■ **EXERCISE**
Only one stretch of the records below is wanted: the lines from the one holding "Brown painted pine" through the one holding "Diversi prodotti pronti". Return it exactly, both ends included.

Records excerpted from a collection
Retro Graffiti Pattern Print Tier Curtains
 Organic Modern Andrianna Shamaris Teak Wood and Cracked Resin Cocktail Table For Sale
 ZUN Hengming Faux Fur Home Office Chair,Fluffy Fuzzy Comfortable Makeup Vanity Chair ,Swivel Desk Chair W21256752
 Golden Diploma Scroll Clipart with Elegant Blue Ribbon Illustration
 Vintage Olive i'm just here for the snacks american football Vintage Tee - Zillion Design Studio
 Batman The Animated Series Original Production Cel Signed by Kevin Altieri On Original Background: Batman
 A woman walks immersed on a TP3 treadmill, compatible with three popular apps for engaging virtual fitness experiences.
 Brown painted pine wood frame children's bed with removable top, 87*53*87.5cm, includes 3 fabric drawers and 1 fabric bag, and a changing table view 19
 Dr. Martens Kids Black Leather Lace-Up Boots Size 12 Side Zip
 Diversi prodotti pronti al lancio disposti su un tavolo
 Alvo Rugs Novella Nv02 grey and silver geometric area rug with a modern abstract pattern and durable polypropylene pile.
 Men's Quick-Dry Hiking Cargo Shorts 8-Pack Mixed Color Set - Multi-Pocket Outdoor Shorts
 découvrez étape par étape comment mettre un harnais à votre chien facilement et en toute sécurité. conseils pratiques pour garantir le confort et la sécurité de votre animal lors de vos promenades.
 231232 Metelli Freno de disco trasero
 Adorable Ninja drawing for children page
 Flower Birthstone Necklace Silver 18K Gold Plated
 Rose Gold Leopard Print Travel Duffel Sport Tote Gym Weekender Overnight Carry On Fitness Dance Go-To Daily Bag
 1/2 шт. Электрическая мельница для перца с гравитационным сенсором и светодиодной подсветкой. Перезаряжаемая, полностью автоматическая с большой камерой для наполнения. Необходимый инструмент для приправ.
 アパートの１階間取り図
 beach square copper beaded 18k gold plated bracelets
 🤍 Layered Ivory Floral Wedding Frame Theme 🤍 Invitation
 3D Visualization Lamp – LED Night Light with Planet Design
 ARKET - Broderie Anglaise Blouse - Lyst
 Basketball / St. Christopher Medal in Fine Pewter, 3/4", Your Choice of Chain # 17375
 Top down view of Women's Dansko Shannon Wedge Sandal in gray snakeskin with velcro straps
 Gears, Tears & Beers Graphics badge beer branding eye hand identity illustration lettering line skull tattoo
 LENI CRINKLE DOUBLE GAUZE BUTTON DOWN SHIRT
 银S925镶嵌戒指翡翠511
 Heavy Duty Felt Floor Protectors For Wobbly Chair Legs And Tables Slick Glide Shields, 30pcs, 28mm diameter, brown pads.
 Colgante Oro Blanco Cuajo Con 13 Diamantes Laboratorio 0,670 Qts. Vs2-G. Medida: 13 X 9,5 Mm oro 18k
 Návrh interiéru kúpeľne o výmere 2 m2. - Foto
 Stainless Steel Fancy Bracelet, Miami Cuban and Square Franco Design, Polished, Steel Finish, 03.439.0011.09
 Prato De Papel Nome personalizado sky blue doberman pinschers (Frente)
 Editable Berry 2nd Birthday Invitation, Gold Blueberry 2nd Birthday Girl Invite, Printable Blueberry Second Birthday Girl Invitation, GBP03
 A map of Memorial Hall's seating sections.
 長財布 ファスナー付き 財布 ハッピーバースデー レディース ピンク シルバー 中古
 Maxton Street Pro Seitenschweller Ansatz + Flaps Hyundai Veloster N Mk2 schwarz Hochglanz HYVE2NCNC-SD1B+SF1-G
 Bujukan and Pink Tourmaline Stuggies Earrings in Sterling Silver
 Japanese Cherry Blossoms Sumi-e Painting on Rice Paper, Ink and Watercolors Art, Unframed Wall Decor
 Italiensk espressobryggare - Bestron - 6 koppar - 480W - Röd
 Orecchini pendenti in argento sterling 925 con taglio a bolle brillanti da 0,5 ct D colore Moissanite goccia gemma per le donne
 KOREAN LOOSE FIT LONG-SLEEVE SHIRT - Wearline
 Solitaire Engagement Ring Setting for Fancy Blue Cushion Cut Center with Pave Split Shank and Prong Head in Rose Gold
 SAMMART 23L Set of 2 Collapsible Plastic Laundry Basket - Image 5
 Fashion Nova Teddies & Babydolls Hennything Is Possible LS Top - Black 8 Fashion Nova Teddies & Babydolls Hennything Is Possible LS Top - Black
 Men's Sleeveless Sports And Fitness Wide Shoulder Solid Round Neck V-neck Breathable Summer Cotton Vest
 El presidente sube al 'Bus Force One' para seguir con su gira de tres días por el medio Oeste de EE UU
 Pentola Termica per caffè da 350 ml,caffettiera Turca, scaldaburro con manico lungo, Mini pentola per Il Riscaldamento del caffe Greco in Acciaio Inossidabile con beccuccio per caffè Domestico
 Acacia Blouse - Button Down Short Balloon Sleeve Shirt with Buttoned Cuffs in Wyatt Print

■ **OUTPUT FOR THIS TASK**
 Brown painted pine wood frame children's bed with removable top, 87*53*87.5cm, includes 3 fabric drawers and 1 fabric bag, and a changing table view 19
 Dr. Martens Kids Black Leather Lace-Up Boots Size 12 Side Zip
 Diversi prodotti pronti al lancio disposti su un tavolo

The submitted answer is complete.